– Честное слово, – перебил Санчо, – никто не может подвигаться шагом более спокойным и размеренным, нежели мой осел. Правда, он не ходит по воздуху, но на земле я с ним поспорю со всеми иноходцами в свете.
Все рассмеялись, а Долорида продолжала: – Итак, эта лошадь, если Маламбруно захочет положить конец нашему бедствию, явится пред нами приблизительно за полчаса до наступления ночи, потому что он мне сказал, что указанием, что действительно я нашла рыцаря, которого искала, будет то, что он пришлет мне лошадь, где бы я в то время ни находилась, быстро и без труда.
– А сколько человек подымает эта лошадь? – спросил Санчо.
– Двоих, – отвечала Долорида: – одного на спине, другого на крупе, и обыкновенно на ней ездят рыцарь и его оруженосец, если нет какой-либо похищенной девицы.
– Я бы хотел теперь знать, госпожа Долорида, – сказал Санчо, – как зовут эту лошадь?
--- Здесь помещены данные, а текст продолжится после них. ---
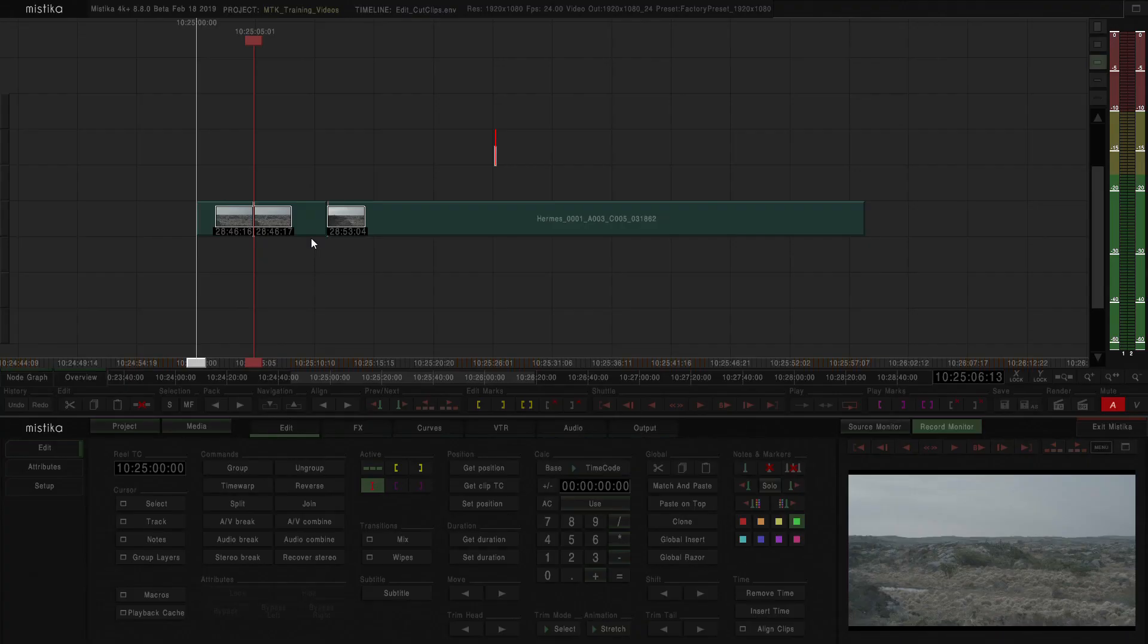We've seen already how we can perform cuts with the active frame and the playhead, but what happens when we have a stack of clips or an effect?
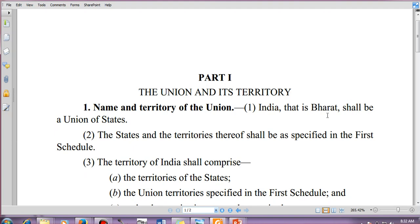Whether India is federal or quasi-federal is a matter of controversy, but according to Article 1 Clause 1 of the Indian Constitution, it is a union of states. One MCQ may come from this part — what is the status of India? The answer would be: it is a union of states.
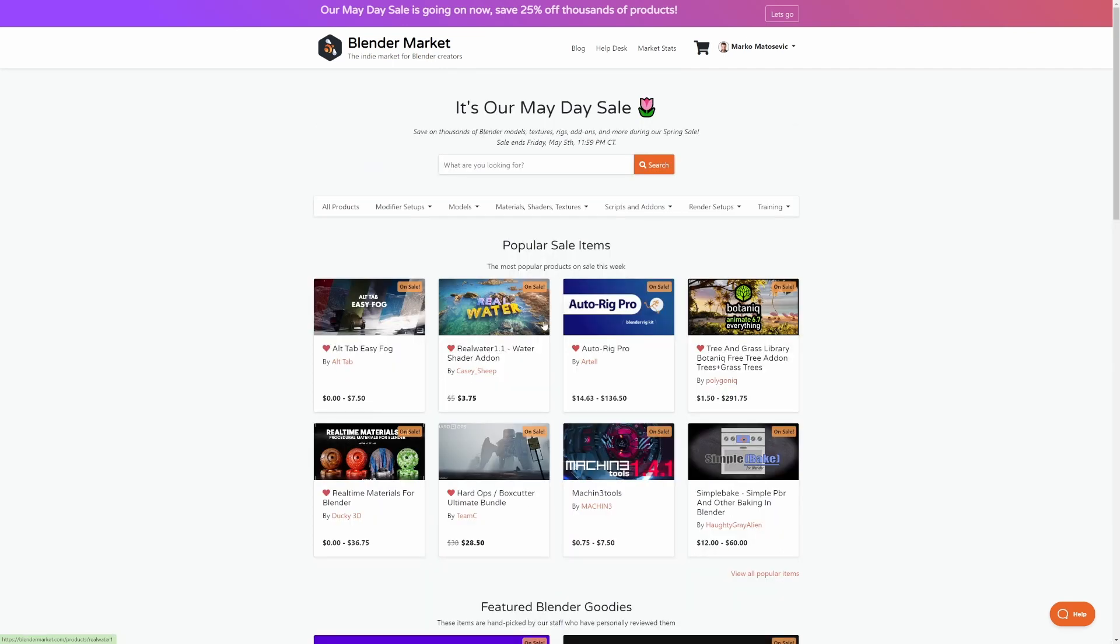So those are my picks for the blender market sale. Go click on the link in the description. And also, once again, let me know what I should be picking up.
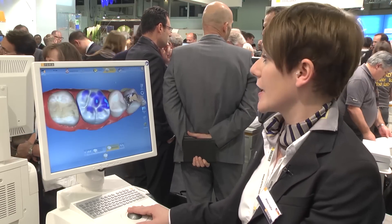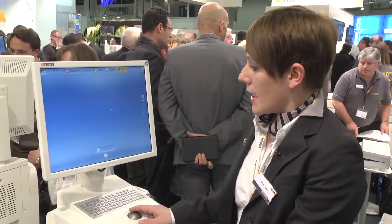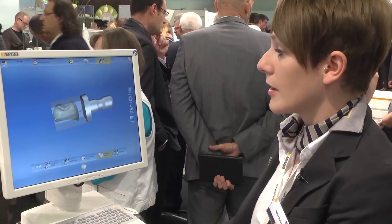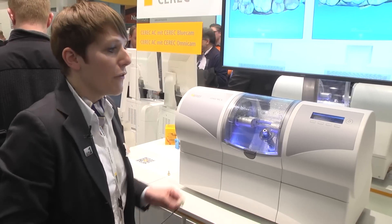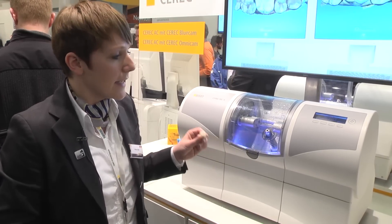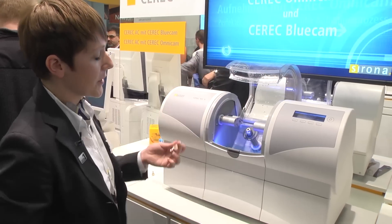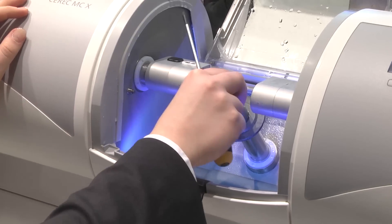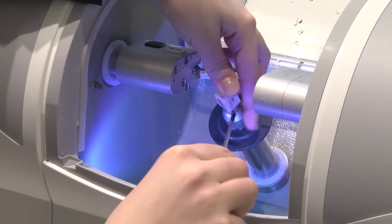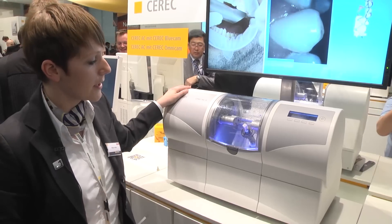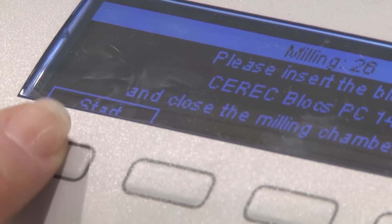That's the final crown, and now we can send it directly to the milling machine. We calculate the mill preview and see the polychrome block already with a crown inside. To start the milling process, we first insert the CEREC block — in this case it's a CEREC block PC, the polychrome one. I open the door, insert the block, and with the screwdriver I secure the block in place, then close the door and start the milling process.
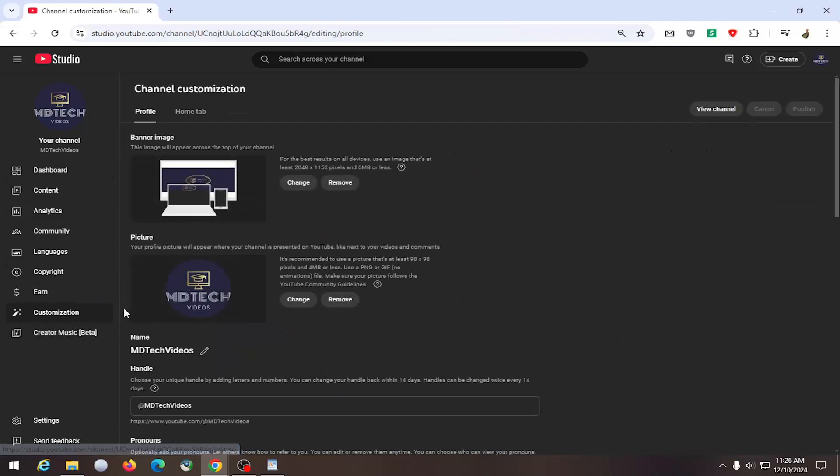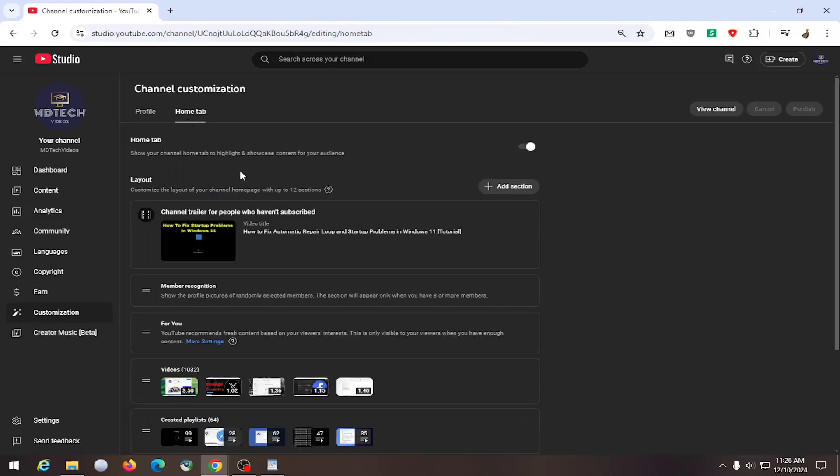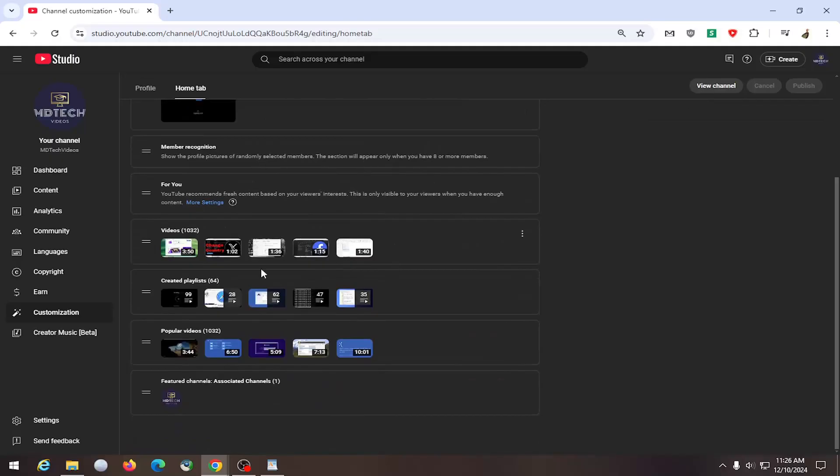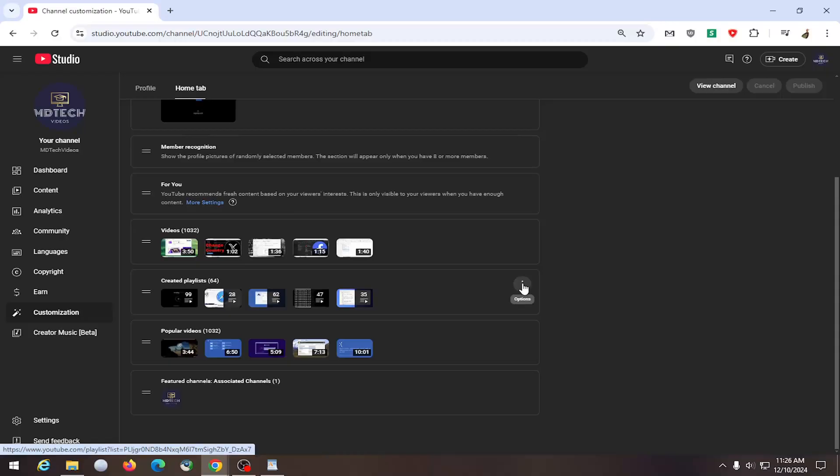On the right side, select the home tab and then scroll down. Locate whatever playlist you want to remove and select the three dot icon next to that playlist and select the options button. It's represented with three little dots stacked one on top of the other. Select that and then select remove section.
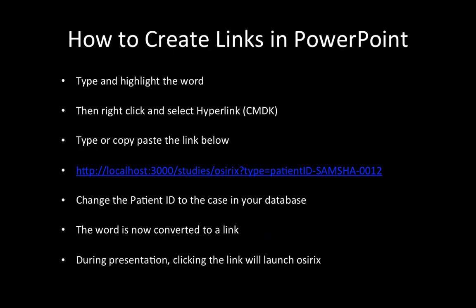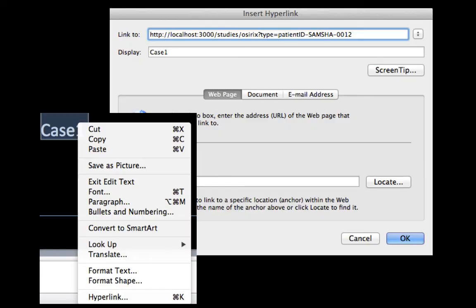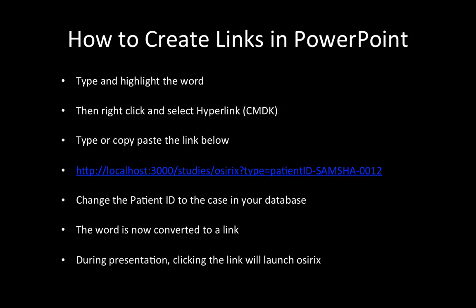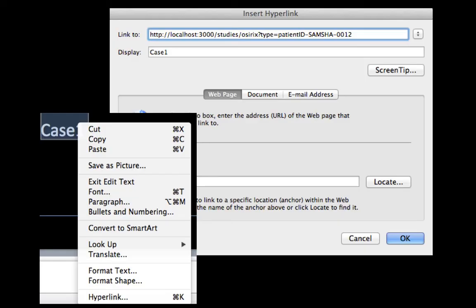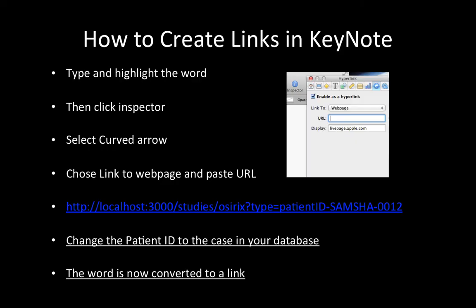Now I'm going to demonstrate how to create links in PowerPoint. Type and highlight the word, then right-click and select Hyperlink. If I have selected 'case' and right-click, you will see an option called Hyperlink at the bottom of the secondary options. Then type the link as shown in this demonstration and change the patient ID. The word is now converted to a link, and during presentation clicking the link will launch OSRx.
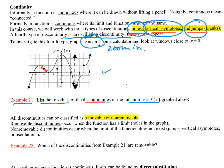At x = -1, we have a hole — that's a discontinuity. At x = 2, another hole — also a discontinuity. At x = 3, we have a vertical asymptote, so that's a point of discontinuity. At x = 5, the right-handed limit does not equal the left-handed limit and there are two different numbers — this is called a jump. So my points of discontinuity are x = -1, x = 2, x = 3, and x = 5.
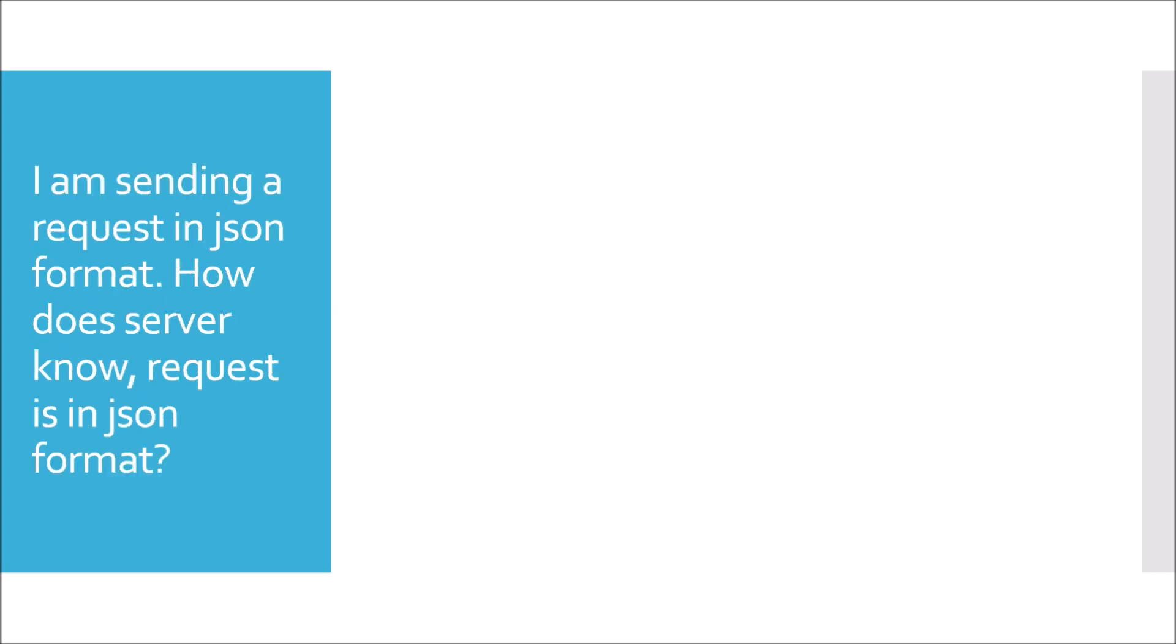Moving to next question. I am sending a request in JSON format. How does the server know the request is in JSON format? When you send a request, for example, I am sending a request from POSTMAN to test my API endpoint. In POSTMAN, I would set two things: first is content type as application/json and accept as application/json. Then, this means my API endpoint is accepting a JSON and producing a JSON also. This is how when a client sends a request, the server is going to know what kind of request format is coming to the server.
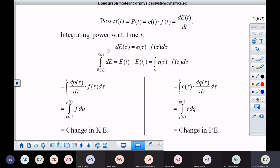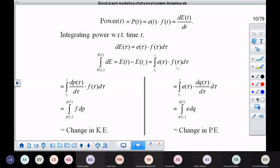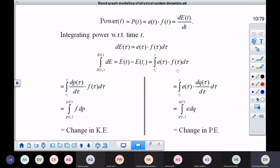We also saw how power could be written in terms of rate of change of energy, and how this energy could be represented in two different ways. If you express effort in terms of rate of change of momentum and integrate it, you get change in kinetic energy. And if you represent flow as rate of change of generalized displacement with respect to time, you get change in potential energy. So the nature of these two energies is different, which raises the question: when do we represent using effort, and when do we represent using flow?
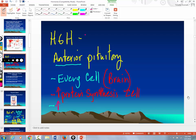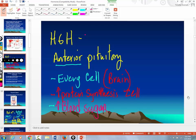Human growth hormone also increases your blood sugar. It's released in a diurnal pattern — usually around midnight until about 6 a.m. — that's when you grow. There are spurts of human growth hormone supplemented with estrogen and testosterone — that's why kids go through growth spurts. Estrogen and HGH, and testosterone and HGH, are additive.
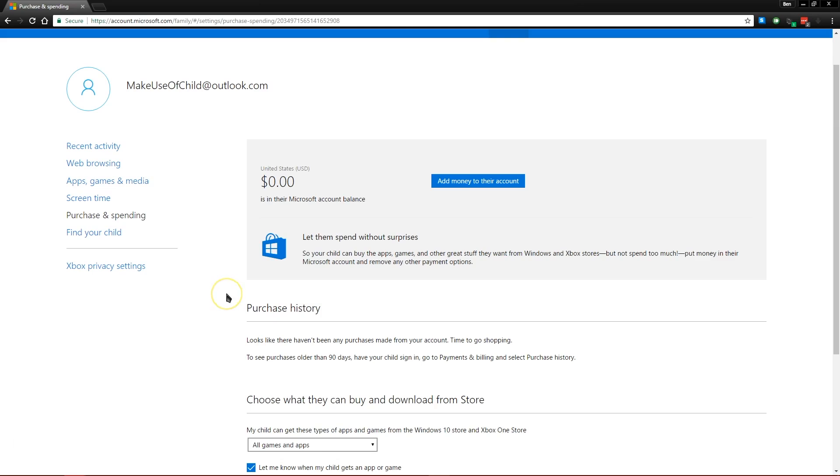That's all for this time, but make sure to check out makeuseof.com for more tips and tricks articles like this, as well as giveaways on the coolest new tech.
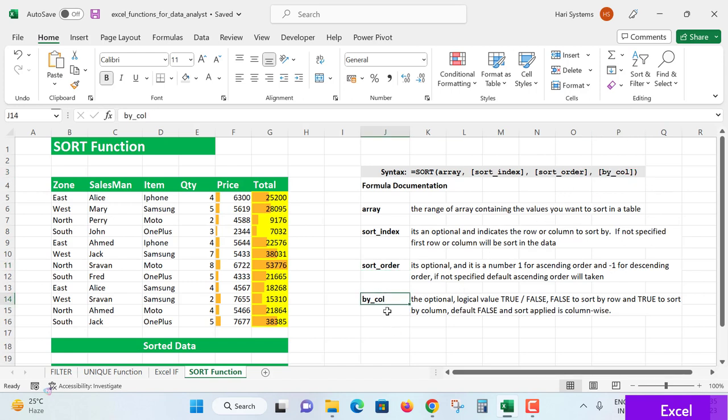The fourth parameter, by_col, is again optional. The logical value may be TRUE or FALSE: specify FALSE to sort by row and TRUE to sort by column. By default, if not specified, it will be FALSE and sort applied column-wise.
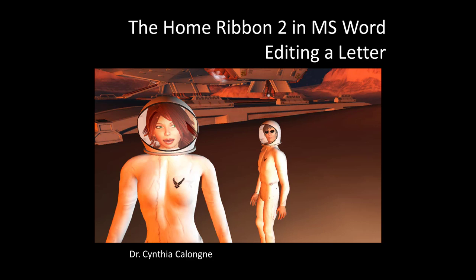Hi everyone, this is Dr. C, and this is the Home Ribbon Part 2 in Microsoft Word Editing a Letter.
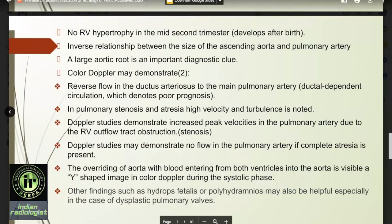Color Doppler may demonstrate reverse flow in the ductus arteriosus to the main pulmonary artery. In pulmonary stenosis and atresia, high velocity and turbulence is noted. Doppler studies demonstrate increased peak velocities in the pulmonary artery due to right ventricular outflow tract obstruction. It may also demonstrate no flow in the pulmonary artery if complete atresia is present. The overriding of the aorta with blood entering from both ventricles is visible in the form of a V-shaped image in color Doppler during the systolic phase.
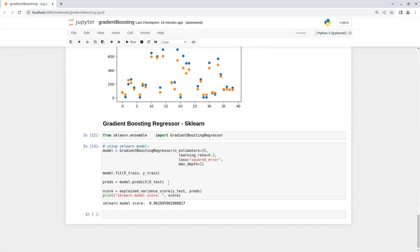And then we fit the model on the same train set and predict values for the test set and print the model score. You can see that it's pretty much the same score as our model. Okay, so that's it for today's video. Thanks for watching.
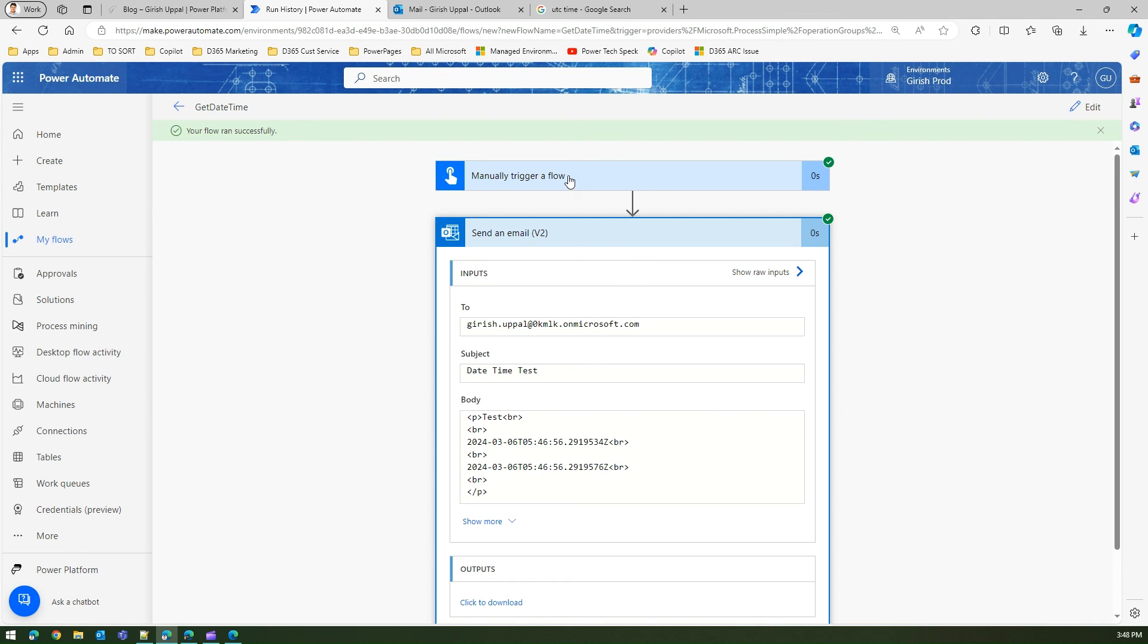That's it folks, this is all about displaying the time zone related details in Power Automate by using the function UTC now. Thanks for watching.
– Зовут ее, – отвечала Долорида, – не Беллерофоном, как назывался Пегас, ни так, как звали лошадь Александра Великоого, которой имя было Буцефал. Она не называется ни Брильядором, как лошадь Роланда Неистового, ни Байярдом, как лошадь Рейвальда Монтальванского, ни Фронтино, как лошадь Рухеро, ни Волопасом или Перитоа, как, говорят, назывались лошади Солнца,[225] ни Орелией, как лошадь, на которой злосчастный Родриго, последний готский король, вступил в битву, в которой потерял и жизнь и королевство.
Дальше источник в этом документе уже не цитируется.